Chame as sequências de consenso do mapeamento de leitura.

OPÇÕES:

-t FLOAT Coeficiente de dependência de erro [0.93]

-r FLOAT Fração de heterozigotos entre todos os locais [0.001]

-s Considere a qualidade do mapeamento de extremidade única como a qualidade do mapeamento final;
caso contrário, a qualidade de mapeamento final emparelhada será usada

-p Descartar leituras finais emparelhadas que não estão mapeadas em pares corretos

-m INT Número máximo de incompatibilidades permitidas para uma leitura a ser usada em
chamada de consenso [7]

-Q INT Soma máxima permitida de valores de qualidade de bases incompatíveis [60]

-q INT Qualidade mínima de mapeamento permitida para uma leitura a ser usada em consenso
ligando para [0]

-N INT Número de haplótipos no pool (> = 2) [2]

NOTA:

* Opção -Q define um limite na soma máxima de qualidades básicas incompatíveis.
As leituras que contêm muitas incompatibilidades de alta qualidade devem ser descartadas.

* Opção -N define o número de haplótipos em um pool. É projetado para
re-sequenciamento de amostras por agrupamento de várias cepas / indivíduos. Para
resequenciamento diplóide do genoma, esta opção é igual a 2.

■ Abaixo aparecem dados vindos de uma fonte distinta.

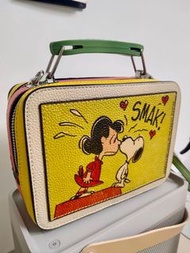 ❤️情人節優惠❤️ ✅現貨實拍 [美國代購正品Marc Jacobs] 100%NEW & Authentic Snoopy x Marc Jacobs 雙面 (snoopy & Charlie)  
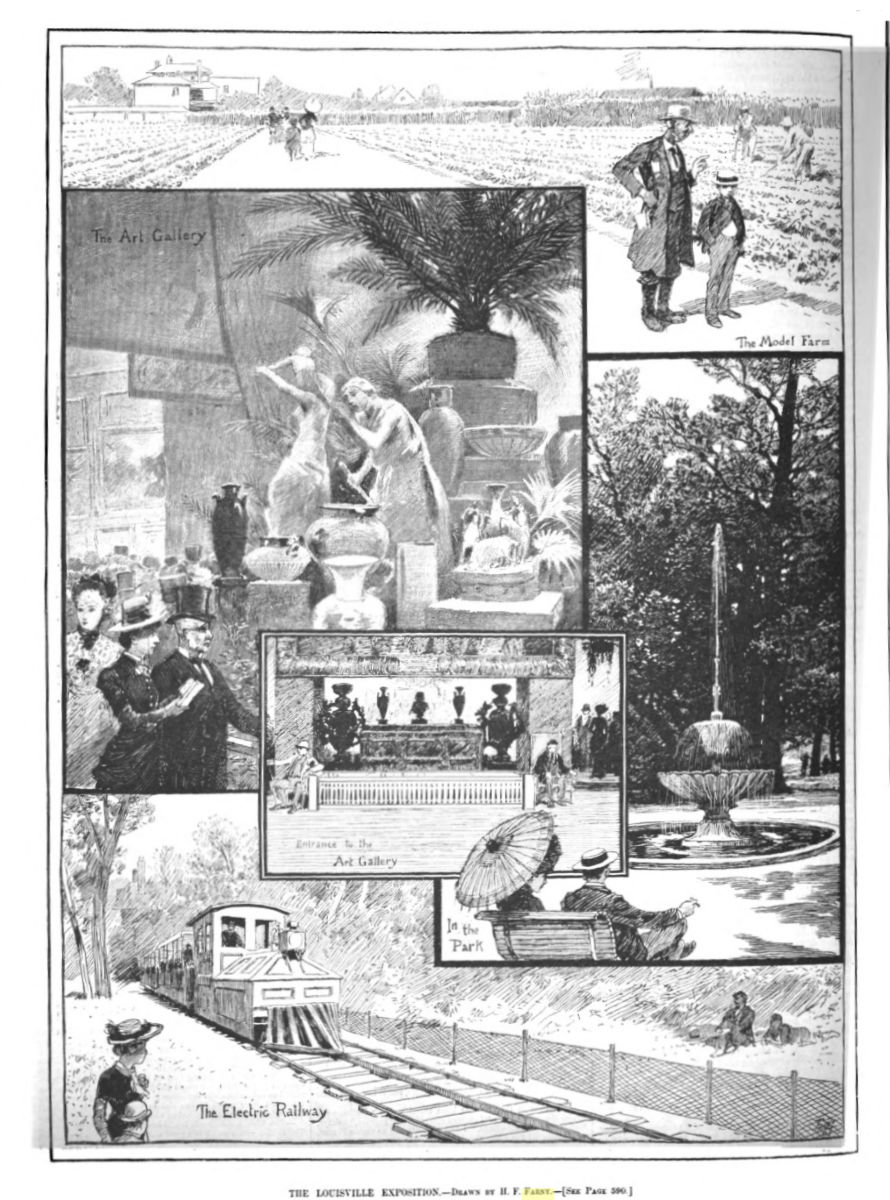 Henry Farny Illustration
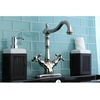 image:imageKingston Brass KS1493AX Vessel Sink Faucet Antique BrassPolished Brass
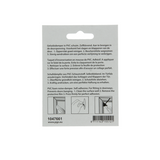 Mack 1047661 - geluidsdemper zelfklevend wit 16 + 22 x 7 mm 24 st pcs | 12 stuks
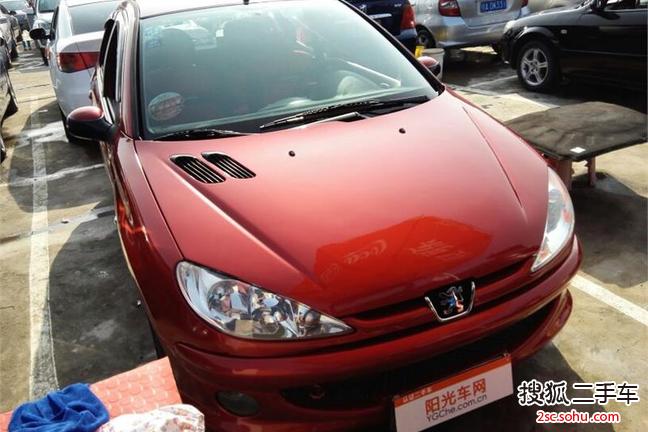 标致2062008款1.4 ETEC 手动炫动版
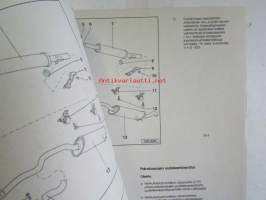 Volkswagen Service Polo 1995 &gt; Korjaustöiden vihko 4-syl. dieselmoottori mekaaniset osat julkaistu 10.95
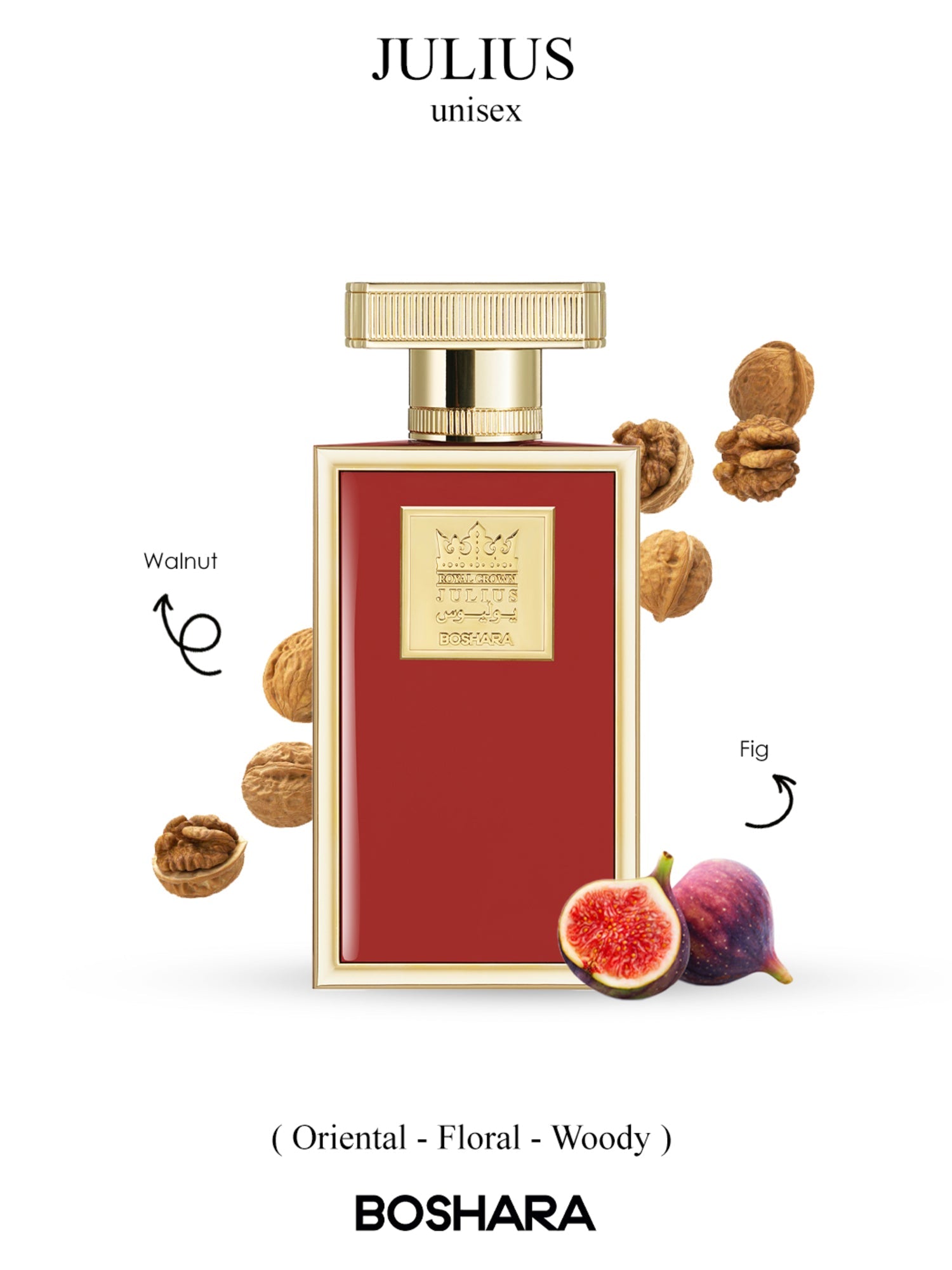 JULIUS - Boshara Perfumes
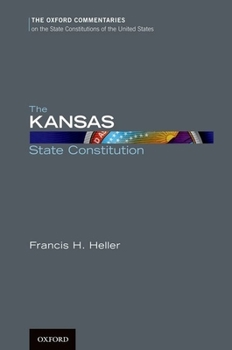 Hardcover The Kansas State Constitution Book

glfgen mas Q glfgen [-sp] [-m máximo] [-Q Maxerr] [-r Hetrate] [-t coef] [-q minQ] [-N
nHap] fora.cns in.ref.bfa in.aln.map 2> out.cns.log

Calcular a probabilidade de log para todos os genótipos e armazenar os resultados no formato GLF
(Formato de probabilidade de genotipagem). Por favor, verifique o site MAQ para detalhes
descrições do formato do arquivo e utilitários relacionados.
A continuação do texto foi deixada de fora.